Payments Compliance: Key Regulations and Best Practices
Every business that moves money has a compliance problem. Card transactions, e-commerce checkouts, crypto payments — it doesn't matter which channel. The rules apply, the penalties are real, and ignoring them rarely ends quietly.
What makes payments compliance hard isn't knowing it exists. It's understanding which regulations apply to your specific business, how they interact with each other, and what you actually need to do. That's what this guide covers.
What Is Payments Compliance and Why It Matters
Ask five different payment operators what "payments compliance" means and you'll probably get five different answers. In practice, it covers the full set of rules governing how businesses collect, store, transmit, and process payment data. Those rules exist because when payment systems go wrong — through fraud, money laundering, or data exposure — the damage spreads fast and widely.
The businesses subject to these obligations include basically everyone handling money digitally. Online retailers. SaaS platforms. Marketplaces. Fintech companies. Crypto merchants. The rules don't have a size exemption. A ten-person startup faces the same core requirements as a large enterprise.
Numbers that put the stakes in perspective: payment fraud and e-commerce losses are projected at $343 billion between 2023 and 2027. Verizon's 2023 Payment Security Report found 64% of companies still fall short of full PCI DSS compliance. And a single data breach can kick off lawsuits, forced audits, and card network sanctions that take years to resolve.
Staying compliant keeps payment network access open. Losing it — through a violation or a breach — can close that door for good.

Who Regulates Payment Compliance Globally
No single authority runs payments compliance worldwide. A patchwork of bodies sets standards and enforces rules across jurisdictions, and most businesses end up answering to more than one.
| Regulator | Jurisdiction | Scope |
|---|---|---|
| PCI SSC (Payment Card Industry Security Standards Council) | Global | Sets PCI DSS — the baseline data security standard for card payments |
| FATF (Financial Action Task Force) | Global (40+ member countries) | Sets AML and counter-terrorism financing standards |
| EBA / ECB | European Union | Enforces PSD2, licenses payment service providers |
| FinCEN (Financial Crimes Enforcement Network) | United States | AML enforcement, Bank Secrecy Act, crypto guidance |
| FTC (Federal Trade Commission) | United States | Consumer data protection, unfair payment practices |
| ICO / Data Protection Authorities | EU and UK | GDPR enforcement |
| Central banks | Each country | License and supervise payment service providers locally |
An EU-based merchant accepting US cards from international customers, for instance, deals with PCI DSS, GDPR, and potentially FinCEN guidance all at once. Managing that overlap is what payment compliance and regulatory compliance look like when your business crosses borders.

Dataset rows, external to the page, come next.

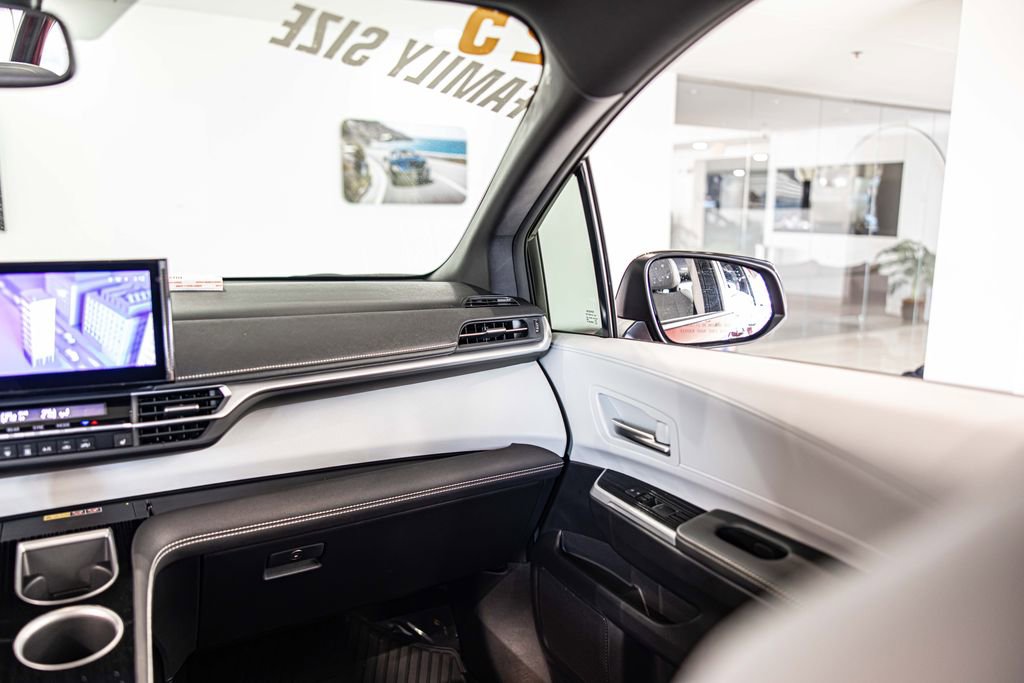 Used 2025 Toyota Sienna XSE image 40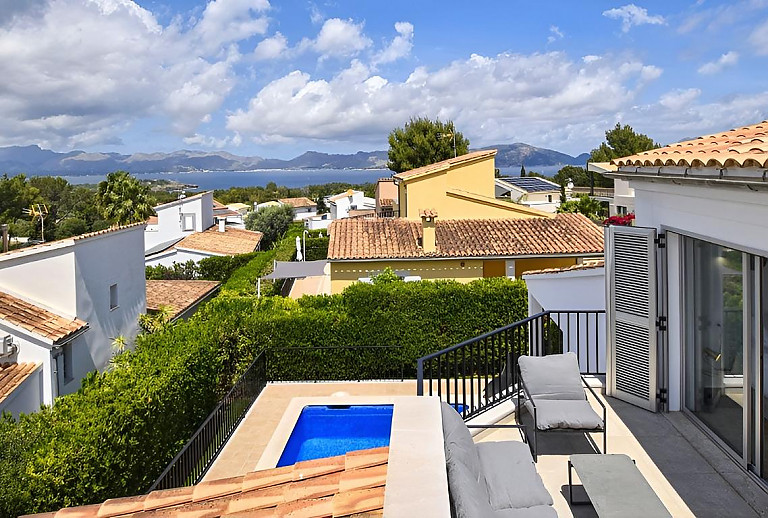 Balkon und Poolterrasse am Ferienhaus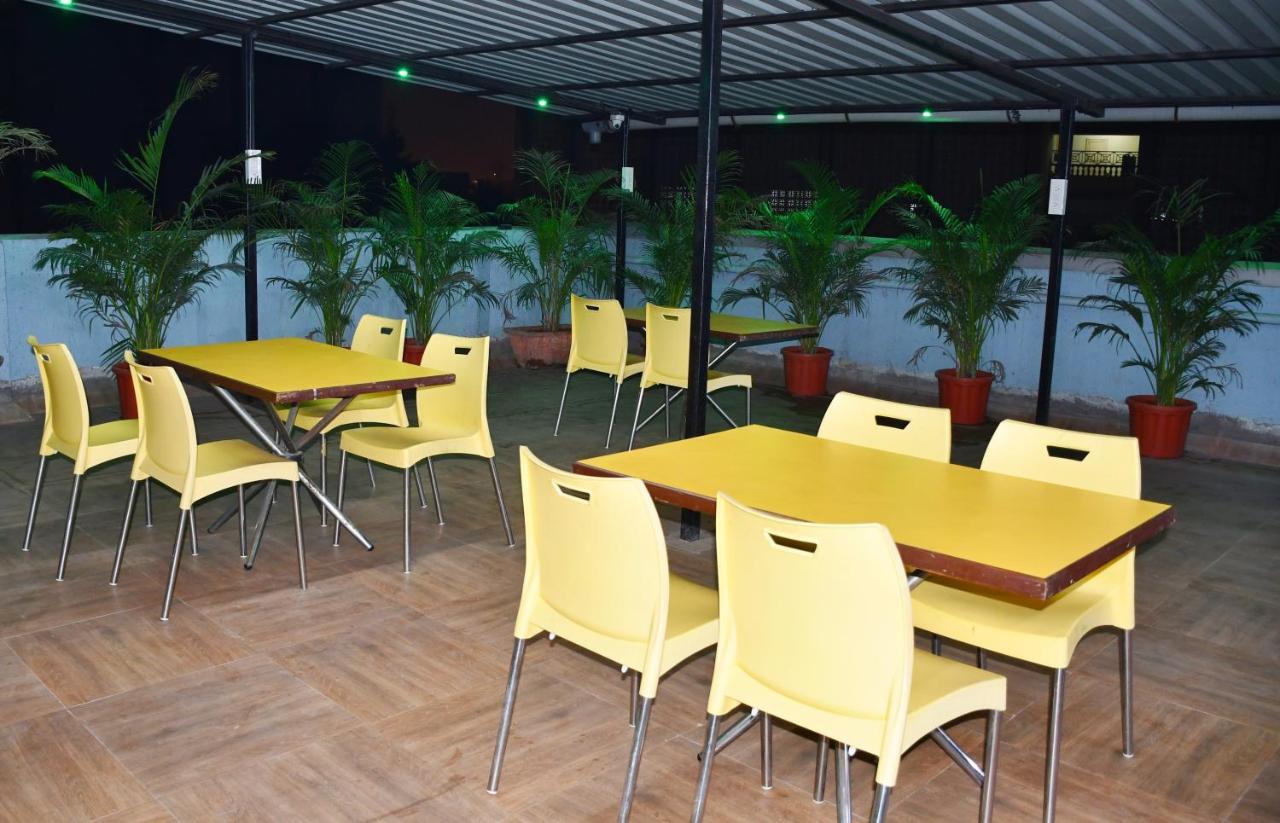 ホテル Megh Residency ナビムンバイ エクステリア 写真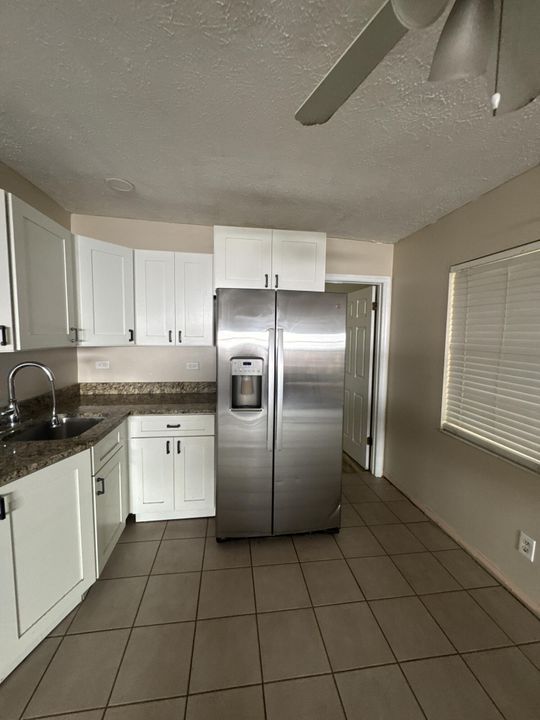 For Sale: $295,000 (3 beds, 2 baths, 1558 Square Feet)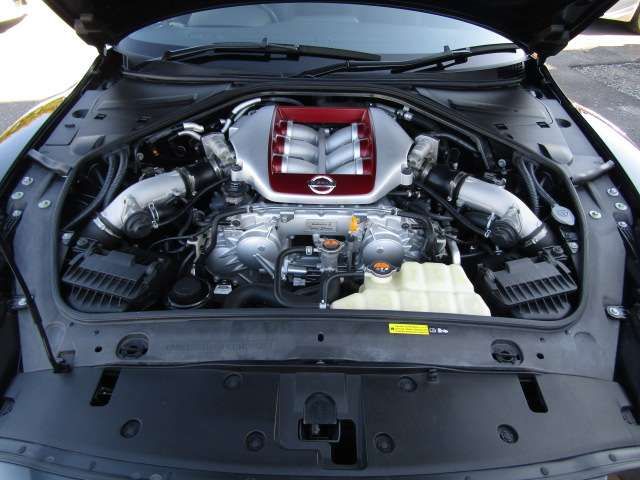 Nissan GT-R 2020-01 1545512-10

Key Payment Compliance Regulations Explained
Five regulations define the bulk of what most businesses must do. Each targets a different risk area and carries its own penalty structure.
- PCI DSS — The Payment Card Industry Data Security Standard applies to any entity that stores, processes, or transmits cardholder data. It lays out 12 technical and operational requirements. Non-compliance fines run $5,000–$100,000 per month depending on violation severity.
- PSD2 — The EU's Payment Services Directive 2 governs payment service providers across the European Economic Area. The headline requirement is Strong Customer Authentication (SCA) for electronic transactions. Fines can reach €5 million or 3% of global annual revenue.
- AML/KYC — Anti-money laundering regulations require businesses to verify customer identities (Know Your Customer), monitor transactions for suspicious activity, and file Suspicious Activity Reports. These rules come from national laws built on FATF recommendations.
- GDPR / CCPA — The EU's General Data Protection Regulation and California's Consumer Privacy Act set the rules for data privacy in payments, governing how personal data and payment information is collected, stored, and processed. GDPR fines top out at €20 million or 4% of global annual turnover. Meta's €405 million fine in 2022 confirmed that regulators will enforce at scale.
- BSA / FinCEN rules — The US Bank Secrecy Act requires financial institutions and money services businesses to maintain AML programs, report cash transactions above $10,000, and file SARs. FinCEN has extended these obligations to crypto businesses operating in the US.
PCI DSS 4.0: The Foundation of Payment Data Security
Most online businesses hit PCI DSS before any other regulation. Version 4.0 was finalized in 2022 and fully enforced from April 2025, bringing meaningful changes that merchants and payment providers need to know.
Compliance level depends on annual card transaction volume:
- Level 1: Over 6 million transactions/year — annual on-site audit by a Qualified Security Assessor (QSA)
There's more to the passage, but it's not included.